"""
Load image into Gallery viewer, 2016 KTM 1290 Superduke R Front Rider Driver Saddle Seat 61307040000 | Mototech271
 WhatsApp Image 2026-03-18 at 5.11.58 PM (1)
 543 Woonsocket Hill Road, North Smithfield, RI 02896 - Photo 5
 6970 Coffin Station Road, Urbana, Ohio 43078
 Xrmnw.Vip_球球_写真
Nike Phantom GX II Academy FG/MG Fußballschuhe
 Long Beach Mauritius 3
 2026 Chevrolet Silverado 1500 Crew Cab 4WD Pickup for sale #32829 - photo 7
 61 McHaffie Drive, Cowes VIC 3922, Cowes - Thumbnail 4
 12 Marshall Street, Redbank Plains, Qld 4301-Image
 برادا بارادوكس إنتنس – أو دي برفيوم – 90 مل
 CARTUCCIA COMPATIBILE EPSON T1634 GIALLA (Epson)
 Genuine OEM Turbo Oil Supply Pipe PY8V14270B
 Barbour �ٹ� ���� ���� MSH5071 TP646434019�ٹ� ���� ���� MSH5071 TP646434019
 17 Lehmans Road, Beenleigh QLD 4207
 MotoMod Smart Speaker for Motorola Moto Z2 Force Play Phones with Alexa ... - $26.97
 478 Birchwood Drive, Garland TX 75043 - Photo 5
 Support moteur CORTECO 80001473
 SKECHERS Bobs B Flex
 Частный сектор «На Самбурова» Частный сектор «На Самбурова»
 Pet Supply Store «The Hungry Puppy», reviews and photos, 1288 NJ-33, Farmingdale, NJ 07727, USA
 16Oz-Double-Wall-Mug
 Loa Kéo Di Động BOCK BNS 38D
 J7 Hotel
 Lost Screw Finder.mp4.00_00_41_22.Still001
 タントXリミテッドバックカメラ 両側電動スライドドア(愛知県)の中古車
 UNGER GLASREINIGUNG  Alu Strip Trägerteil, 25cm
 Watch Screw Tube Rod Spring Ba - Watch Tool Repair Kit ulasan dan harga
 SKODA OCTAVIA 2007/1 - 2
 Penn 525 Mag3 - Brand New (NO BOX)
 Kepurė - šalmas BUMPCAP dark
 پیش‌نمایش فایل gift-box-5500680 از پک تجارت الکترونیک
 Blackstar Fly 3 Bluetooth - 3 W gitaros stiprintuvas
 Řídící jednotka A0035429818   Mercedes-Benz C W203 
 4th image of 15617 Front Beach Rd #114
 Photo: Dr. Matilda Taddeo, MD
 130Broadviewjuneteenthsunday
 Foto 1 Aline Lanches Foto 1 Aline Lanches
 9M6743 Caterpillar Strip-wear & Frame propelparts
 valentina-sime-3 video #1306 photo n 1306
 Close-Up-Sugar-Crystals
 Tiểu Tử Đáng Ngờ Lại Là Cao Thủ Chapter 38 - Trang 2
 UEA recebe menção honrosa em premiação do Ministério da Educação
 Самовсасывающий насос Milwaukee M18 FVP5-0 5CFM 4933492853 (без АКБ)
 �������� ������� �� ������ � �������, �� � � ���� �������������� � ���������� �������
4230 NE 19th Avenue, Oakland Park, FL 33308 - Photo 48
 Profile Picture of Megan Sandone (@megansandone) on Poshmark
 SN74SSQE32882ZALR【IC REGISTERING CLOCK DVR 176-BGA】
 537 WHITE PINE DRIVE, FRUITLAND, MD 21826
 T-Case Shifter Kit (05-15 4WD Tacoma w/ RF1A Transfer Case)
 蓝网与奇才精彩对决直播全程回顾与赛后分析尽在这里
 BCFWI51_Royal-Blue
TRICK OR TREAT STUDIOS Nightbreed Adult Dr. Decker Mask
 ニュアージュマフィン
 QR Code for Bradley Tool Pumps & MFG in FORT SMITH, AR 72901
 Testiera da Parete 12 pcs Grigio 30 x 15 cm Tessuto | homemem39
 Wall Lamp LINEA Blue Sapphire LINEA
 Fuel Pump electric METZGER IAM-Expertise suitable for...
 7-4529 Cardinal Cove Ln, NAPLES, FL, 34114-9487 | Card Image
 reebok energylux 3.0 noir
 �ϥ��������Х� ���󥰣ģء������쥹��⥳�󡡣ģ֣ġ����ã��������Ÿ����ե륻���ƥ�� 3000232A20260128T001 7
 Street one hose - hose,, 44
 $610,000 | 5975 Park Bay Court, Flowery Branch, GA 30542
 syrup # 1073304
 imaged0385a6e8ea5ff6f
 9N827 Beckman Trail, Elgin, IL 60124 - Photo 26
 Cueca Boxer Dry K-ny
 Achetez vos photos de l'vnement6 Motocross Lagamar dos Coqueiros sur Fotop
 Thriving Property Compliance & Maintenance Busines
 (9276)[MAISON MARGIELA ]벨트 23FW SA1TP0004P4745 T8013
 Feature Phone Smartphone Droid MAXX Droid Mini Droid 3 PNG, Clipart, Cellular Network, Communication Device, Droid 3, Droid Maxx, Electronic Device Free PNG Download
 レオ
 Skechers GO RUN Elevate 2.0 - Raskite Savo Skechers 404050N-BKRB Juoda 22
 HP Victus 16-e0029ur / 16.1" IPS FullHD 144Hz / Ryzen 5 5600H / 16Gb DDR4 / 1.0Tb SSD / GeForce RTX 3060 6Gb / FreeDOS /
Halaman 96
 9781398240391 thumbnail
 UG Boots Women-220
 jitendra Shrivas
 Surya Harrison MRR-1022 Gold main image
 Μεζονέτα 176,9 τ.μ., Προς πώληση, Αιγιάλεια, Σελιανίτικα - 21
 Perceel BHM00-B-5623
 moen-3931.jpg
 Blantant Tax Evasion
"""
_Problem to solve_
Begin at the first line of the material and transcribe each line exactly. End with the line containing "Penn 525 Mag3 - Brand New (NO BOX)", and give nothing else.

_Response for this exercise_
Load image into Gallery viewer, 2016 KTM 1290 Superduke R Front Rider Driver Saddle Seat 61307040000 | Mototech271
 WhatsApp Image 2026-03-18 at 5.11.58 PM (1)
 543 Woonsocket Hill Road, North Smithfield, RI 02896 - Photo 5
 6970 Coffin Station Road, Urbana, Ohio 43078
 Xrmnw.Vip_球球_写真
Nike Phantom GX II Academy FG/MG Fußballschuhe
 Long Beach Mauritius 3
 2026 Chevrolet Silverado 1500 Crew Cab 4WD Pickup for sale #32829 - photo 7
 61 McHaffie Drive, Cowes VIC 3922, Cowes - Thumbnail 4
 12 Marshall Street, Redbank Plains, Qld 4301-Image
 برادا بارادوكس إنتنس – أو دي برفيوم – 90 مل
 CARTUCCIA COMPATIBILE EPSON T1634 GIALLA (Epson)
 Genuine OEM Turbo Oil Supply Pipe PY8V14270B
 Barbour �ٹ� ���� ���� MSH5071 TP646434019�ٹ� ���� ���� MSH5071 TP646434019
 17 Lehmans Road, Beenleigh QLD 4207
 MotoMod Smart Speaker for Motorola Moto Z2 Force Play Phones with Alexa ... - $26.97
 478 Birchwood Drive, Garland TX 75043 - Photo 5
 Support moteur CORTECO 80001473
 SKECHERS Bobs B Flex
 Частный сектор «На Самбурова» Частный сектор «На Самбурова»
 Pet Supply Store «The Hungry Puppy», reviews and photos, 1288 NJ-33, Farmingdale, NJ 07727, USA
 16Oz-Double-Wall-Mug
 Loa Kéo Di Động BOCK BNS 38D
 J7 Hotel
 Lost Screw Finder.mp4.00_00_41_22.Still001
 タントXリミテッドバックカメラ 両側電動スライドドア(愛知県)の中古車
 UNGER GLASREINIGUNG  Alu Strip Trägerteil, 25cm
 Watch Screw Tube Rod Spring Ba - Watch Tool Repair Kit ulasan dan harga
 SKODA OCTAVIA 2007/1 - 2
 Penn 525 Mag3 - Brand New (NO BOX)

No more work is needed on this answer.